Agnes’ Dark Comb

A couple of months ago, Agnes looked poorly. She sunbathed, hunched and fluffed. She didn’t lord it over the other hens. Her comb turned dark and shriveled.

This is a sick bird.

Agnes is a Golden Comet, which is hybrid designed to lay day in and day out for two years. After that, it’s assumed that she’s done. She’s three and she hasn’t laid an egg yet this spring. Neither has her sister, Philomena, who doesn’t look sick, but is also depleted. A real farmer would dispatch them. I’m not a real farmer and so I’ve come up with some treatments to help these old hens.

Agnes looked to be on death’s door last month, but she’s still here thanks to epsom salts. Epsom salt is a combination of magnesium and sulfate. You can find it in the pharmacy, as it’s used by people as a laxative and as a foot soak. For such a simple and inexpensive product, it has many curative functions. The magnesium improves circulatory health, flushes toxins, improves muscle and nerve function, maintains the proper level of calcium in the blood and increases oxygen use. The sulfates help form brain tissues and joint proteins, creates mucin proteins that line the digestive tract, detoxifies contaminants, and improves absorption of nutrients.

Obviously, epsom salts might be jus the thing for a hen worn out by expelling calcium and protein in the form of eggs.

There are two ways to dose the hen. One is by dissolving 1 teaspoon in an ounce of water and, using a syringe, carefully squirting it down her throat. The other is much easier. Fill a small washtub with warm water and stir in a heaping 1/4 cup of epsom salts. Put the chicken in the bath. Let her sit there for 15 minutes. She’ll like it! (I have a YouTube video of how to bathe a chicken here.) If it’s a chilly day, blow dry before putting her back out. If the epsom salt treatment is going to work, it will after two days, a treatment each day (oral and/or bath both times.)

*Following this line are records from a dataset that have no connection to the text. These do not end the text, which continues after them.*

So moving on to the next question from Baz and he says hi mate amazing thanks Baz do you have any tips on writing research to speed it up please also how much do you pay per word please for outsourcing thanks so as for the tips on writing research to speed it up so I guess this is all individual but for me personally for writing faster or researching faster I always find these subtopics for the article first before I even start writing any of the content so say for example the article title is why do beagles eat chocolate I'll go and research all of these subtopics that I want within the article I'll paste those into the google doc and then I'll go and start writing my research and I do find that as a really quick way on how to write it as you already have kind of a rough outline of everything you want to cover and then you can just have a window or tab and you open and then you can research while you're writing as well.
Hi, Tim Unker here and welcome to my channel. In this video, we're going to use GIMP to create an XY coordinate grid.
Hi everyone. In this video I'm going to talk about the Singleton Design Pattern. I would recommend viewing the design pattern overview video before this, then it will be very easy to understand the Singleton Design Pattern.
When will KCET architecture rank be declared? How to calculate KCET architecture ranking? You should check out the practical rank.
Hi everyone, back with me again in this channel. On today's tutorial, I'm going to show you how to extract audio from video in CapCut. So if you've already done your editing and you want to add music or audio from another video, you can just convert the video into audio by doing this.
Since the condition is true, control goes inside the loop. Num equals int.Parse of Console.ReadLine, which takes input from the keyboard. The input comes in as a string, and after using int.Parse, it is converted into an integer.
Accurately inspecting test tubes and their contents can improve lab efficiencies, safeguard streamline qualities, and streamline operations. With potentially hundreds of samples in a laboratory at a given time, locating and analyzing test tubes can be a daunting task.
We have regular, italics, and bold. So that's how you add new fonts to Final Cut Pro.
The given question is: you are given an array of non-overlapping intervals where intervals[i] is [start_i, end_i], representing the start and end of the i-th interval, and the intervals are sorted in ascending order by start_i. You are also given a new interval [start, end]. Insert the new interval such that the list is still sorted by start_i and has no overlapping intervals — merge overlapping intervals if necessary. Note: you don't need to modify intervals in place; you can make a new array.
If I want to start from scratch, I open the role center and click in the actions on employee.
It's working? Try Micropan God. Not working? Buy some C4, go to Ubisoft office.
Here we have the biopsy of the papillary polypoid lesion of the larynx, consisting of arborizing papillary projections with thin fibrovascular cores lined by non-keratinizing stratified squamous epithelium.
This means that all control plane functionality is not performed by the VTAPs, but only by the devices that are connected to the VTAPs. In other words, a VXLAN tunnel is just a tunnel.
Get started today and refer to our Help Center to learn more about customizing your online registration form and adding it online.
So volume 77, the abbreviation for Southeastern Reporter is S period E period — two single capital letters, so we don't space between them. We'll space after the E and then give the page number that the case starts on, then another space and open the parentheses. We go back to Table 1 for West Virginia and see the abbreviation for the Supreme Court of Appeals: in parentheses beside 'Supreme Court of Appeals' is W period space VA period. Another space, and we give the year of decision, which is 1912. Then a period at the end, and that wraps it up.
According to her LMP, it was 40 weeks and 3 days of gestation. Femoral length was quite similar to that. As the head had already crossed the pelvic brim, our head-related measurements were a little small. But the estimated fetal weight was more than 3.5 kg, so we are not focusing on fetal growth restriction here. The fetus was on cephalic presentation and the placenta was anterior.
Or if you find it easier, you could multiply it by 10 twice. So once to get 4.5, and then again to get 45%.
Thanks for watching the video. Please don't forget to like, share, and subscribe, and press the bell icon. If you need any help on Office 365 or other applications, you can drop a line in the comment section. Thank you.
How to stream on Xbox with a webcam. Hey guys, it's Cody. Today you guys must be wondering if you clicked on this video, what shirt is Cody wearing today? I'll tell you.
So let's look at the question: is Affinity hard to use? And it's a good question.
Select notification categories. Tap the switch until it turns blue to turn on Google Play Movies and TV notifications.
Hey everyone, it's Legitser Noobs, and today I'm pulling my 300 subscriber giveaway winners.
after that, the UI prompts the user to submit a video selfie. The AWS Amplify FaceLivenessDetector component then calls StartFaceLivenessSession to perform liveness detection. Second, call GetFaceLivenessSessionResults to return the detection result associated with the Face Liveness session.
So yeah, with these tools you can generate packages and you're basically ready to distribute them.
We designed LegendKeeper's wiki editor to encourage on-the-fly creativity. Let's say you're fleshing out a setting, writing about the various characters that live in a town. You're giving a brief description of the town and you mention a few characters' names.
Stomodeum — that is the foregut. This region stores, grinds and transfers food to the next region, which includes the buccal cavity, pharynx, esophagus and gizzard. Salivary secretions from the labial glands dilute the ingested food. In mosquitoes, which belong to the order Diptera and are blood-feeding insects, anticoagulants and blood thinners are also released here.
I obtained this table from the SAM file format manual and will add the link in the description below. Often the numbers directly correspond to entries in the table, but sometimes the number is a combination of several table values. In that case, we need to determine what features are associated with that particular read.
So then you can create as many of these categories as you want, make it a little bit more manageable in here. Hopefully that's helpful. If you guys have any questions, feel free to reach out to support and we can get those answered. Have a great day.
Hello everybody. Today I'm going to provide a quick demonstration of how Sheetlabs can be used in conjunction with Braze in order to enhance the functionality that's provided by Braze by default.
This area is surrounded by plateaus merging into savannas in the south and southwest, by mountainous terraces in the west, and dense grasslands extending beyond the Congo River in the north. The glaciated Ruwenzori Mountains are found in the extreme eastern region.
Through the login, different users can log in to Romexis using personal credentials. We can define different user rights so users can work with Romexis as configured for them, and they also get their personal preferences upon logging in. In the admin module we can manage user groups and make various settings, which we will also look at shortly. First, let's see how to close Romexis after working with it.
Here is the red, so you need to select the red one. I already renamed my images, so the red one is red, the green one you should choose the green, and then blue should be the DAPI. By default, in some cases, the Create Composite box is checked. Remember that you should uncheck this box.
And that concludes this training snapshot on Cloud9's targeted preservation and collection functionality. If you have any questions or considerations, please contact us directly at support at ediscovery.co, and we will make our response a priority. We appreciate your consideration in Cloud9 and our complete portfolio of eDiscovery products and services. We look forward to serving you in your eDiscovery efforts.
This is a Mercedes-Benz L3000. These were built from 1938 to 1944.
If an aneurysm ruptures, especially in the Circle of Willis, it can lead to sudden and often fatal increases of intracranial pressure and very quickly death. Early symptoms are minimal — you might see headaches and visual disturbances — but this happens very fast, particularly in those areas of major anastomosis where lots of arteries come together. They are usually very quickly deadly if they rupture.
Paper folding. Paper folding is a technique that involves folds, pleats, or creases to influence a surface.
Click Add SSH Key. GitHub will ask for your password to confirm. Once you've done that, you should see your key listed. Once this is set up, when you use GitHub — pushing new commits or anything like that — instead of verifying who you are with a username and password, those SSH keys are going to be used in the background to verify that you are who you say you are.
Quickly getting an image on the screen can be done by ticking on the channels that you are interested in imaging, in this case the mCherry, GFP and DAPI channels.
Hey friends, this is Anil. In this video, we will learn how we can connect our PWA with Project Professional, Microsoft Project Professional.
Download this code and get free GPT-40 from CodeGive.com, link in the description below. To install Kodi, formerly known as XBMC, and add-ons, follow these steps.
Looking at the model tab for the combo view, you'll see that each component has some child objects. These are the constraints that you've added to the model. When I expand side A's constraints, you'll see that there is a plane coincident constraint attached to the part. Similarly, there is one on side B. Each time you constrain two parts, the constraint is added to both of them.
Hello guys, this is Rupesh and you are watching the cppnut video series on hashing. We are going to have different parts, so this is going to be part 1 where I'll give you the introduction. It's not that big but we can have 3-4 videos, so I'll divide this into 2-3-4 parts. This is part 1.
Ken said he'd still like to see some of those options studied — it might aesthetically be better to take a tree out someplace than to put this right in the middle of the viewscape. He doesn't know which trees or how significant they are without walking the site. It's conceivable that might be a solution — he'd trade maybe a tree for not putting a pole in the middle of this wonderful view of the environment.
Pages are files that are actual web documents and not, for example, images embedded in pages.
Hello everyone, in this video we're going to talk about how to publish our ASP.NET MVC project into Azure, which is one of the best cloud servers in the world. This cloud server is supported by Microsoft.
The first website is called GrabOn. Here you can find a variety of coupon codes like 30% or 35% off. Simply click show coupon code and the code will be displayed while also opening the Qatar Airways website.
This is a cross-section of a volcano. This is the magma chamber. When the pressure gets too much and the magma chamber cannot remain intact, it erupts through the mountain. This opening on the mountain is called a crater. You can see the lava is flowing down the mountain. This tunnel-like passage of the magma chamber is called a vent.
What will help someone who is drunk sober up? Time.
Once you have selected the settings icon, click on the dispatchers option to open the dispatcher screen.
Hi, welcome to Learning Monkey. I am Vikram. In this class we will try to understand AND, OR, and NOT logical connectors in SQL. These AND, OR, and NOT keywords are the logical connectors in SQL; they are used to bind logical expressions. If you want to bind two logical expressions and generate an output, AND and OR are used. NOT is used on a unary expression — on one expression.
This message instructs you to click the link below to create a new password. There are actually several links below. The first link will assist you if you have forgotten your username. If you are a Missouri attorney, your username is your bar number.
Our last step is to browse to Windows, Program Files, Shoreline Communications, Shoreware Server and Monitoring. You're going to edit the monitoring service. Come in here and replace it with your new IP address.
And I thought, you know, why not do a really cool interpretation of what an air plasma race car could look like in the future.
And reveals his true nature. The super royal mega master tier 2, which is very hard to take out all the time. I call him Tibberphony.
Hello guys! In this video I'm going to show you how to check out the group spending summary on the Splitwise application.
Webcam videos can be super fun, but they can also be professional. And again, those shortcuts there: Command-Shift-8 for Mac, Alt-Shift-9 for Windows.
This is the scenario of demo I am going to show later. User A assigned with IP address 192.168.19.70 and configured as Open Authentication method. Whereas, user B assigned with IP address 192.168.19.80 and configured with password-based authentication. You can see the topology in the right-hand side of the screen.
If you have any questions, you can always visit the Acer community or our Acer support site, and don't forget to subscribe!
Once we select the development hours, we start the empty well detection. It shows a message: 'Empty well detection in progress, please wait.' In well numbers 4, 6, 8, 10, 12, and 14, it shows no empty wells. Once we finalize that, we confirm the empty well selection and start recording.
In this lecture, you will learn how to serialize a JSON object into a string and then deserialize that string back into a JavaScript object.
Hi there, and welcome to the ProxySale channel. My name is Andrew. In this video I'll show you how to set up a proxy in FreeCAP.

I did both treatments, and it worked for Agnes. She’s still with us. Look at her comb now.

I still don’t expect Agnes to lay another egg, or even last past the summer, but I’ve made her more comfortable. I even saw her lord it over the treats the other day and peck Betsy out of the way. The old girl is feeling better.

A Fantasy Come True

Admit it. We all have fantasies. Mine involve strapping young men. With strong backs. Bent over.

Doing this:

And also doing this:

I am sipping iced coffee and watching the guys edge the lawn, fix the holes left by a horde of partying moles this past winter, and wheeling load after load of mulch into the gardens. Fantasies do come true.

The girls are not going to be allowed out to mess this up. Not until after the garden tour on June 1 and June 2. But not to worry about them. They love guys with wheelbarrows, too. Some of the dirt dug up from the flower bed in the backyard has been dumped into the chicken runs. They have plenty of scratching and grub-eating to do. Chicken fantasies are so easy to fulfill.

Bare Butts, Feather Loss and Feather Picking

It is a joy to see a colorful, glossy-feathered, fluffy-butted hen.

Chicken skin, on the other hand, is not pretty. It’s a sad yellowish or brick color, and bumpy. When irritated it’s a painful-looking red. Chicken keepers become worried and upset and when see it.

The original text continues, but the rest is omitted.